So when he was asked this week what he thought about San Diego Padres infielder Tucupita Marcano receiving a lifetime ban for betting on baseball last season when he was a member of the Pittsburgh Pirates, his answer was as informed as it was blunt.

“You know, I’m going to be quite honest: [The betting] was dumb,” Martinez said. “It’s frowned upon. It has been. In spring training, we go through meetings. Every now and then, we have someone come through from MLB telling us that gambling on baseball is not allowed. It’s not. Why do it? Why take a chance?”

Behind him, in the news conference room under Nationals Park, dozens of BetMGM ads dotted the monitors, backlighting the irony of MLB’s current situation for the cameras. As clear as MLB’s message to players is and has always been when it comes to gambling on its games, its embrace of legal sports betting partners and the money they deliver is not only muddying moral waters but also drawing road maps to temptation in clubhouses around the country.

Since the Supreme Court’s 2018 ruling in Murphy v. NCAA allowed states to legalize sports betting, MLB — like many other professional sports leagues — has welcomed the influx of cash and eyes on the sport that gambling can provide.

Sportsbooks popped up not only around but inside major league ballparks. Online betting companies such as DraftKings and FanDuel started sponsoring game broadcasts, and betting odds started rolling across television screens. Diamond Sports, the beleaguered former Sinclair affiliate that is under contract to broadcast games for a dozen MLB teams, agreed to replace naming rights partner Bally Sports with FanDuel on those broadcasts starting next year, according to a person familiar with the deal.

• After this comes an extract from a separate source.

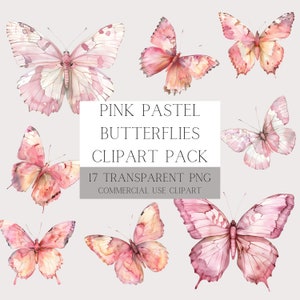 Lebendiges Pink Schmetterling Clipart Pack: Hochwertige PNG-Bilder zum sofortigen digitalen Download
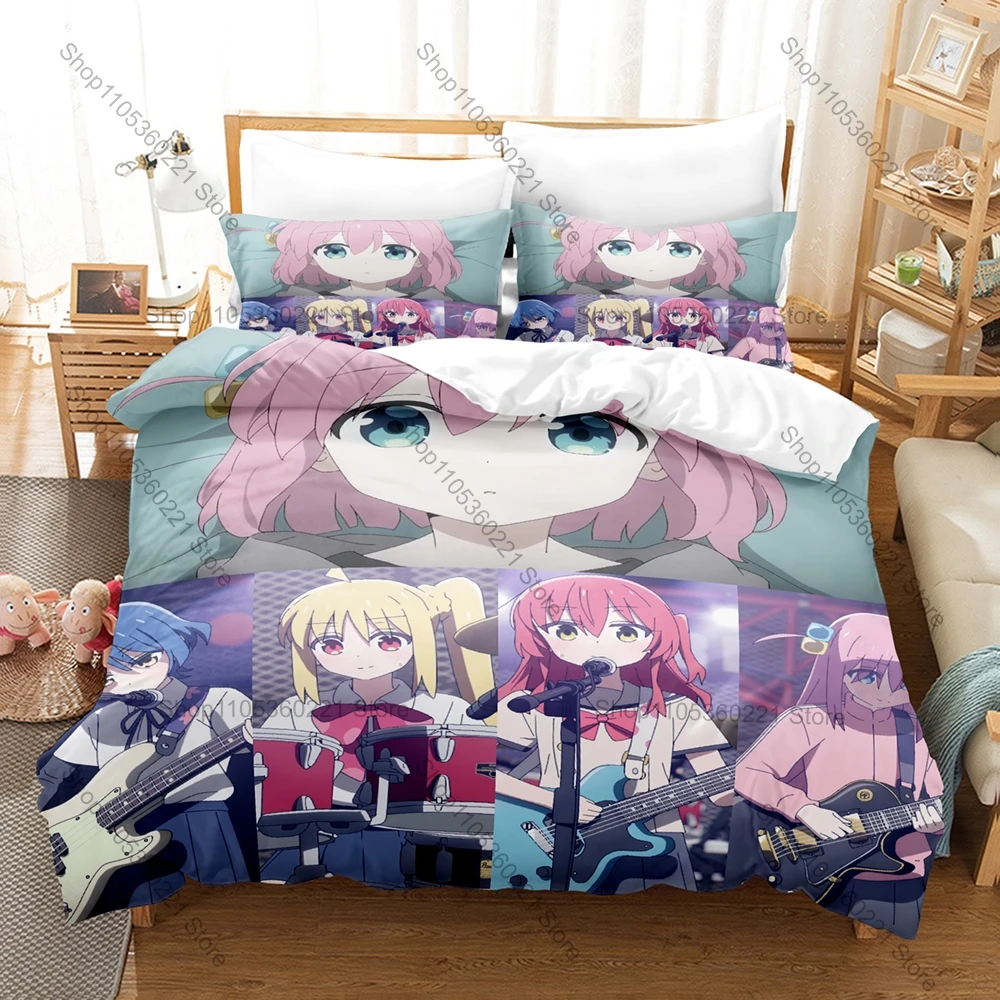 Muted Minimal Vintage Japanese Band Girl Sketch Bedding Set Duvet Cover + 2 Pillowcases Cool Pastel Bedroom Decor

Meanwhile, in the past three months, MLB has seen its two biggest gambling scandals in more than 30 years, including one that consumed its most pristine and important star. Los Angeles Dodgers slugger Shohei Ohtani’s former interpreter, Ippei Mizuhara, is facing a potential prison sentence after admitting he stole more than $16 million from Ohtani to pay off massive gambling debts. MLB has emphatically cleared Ohtani of any wrongdoing, and Mizuhara is not accused of betting on baseball. But MLB knows well that it takes far more effort to fill cracks in confidence than it does to create them.

“The strict enforcement of Major League Baseball’s rules and policies governing gambling conduct is a critical component of upholding our most important priority: protecting the integrity of our games for the fans,” Commissioner Rob Manfred said in a statement this week. “The longstanding prohibition against betting on Major League Baseball games by those in the sport has been a bedrock principle for over a century. We have been clear that the privilege of playing in baseball comes with a responsibility to refrain from engaging in certain types of behavior that are legal for other people.”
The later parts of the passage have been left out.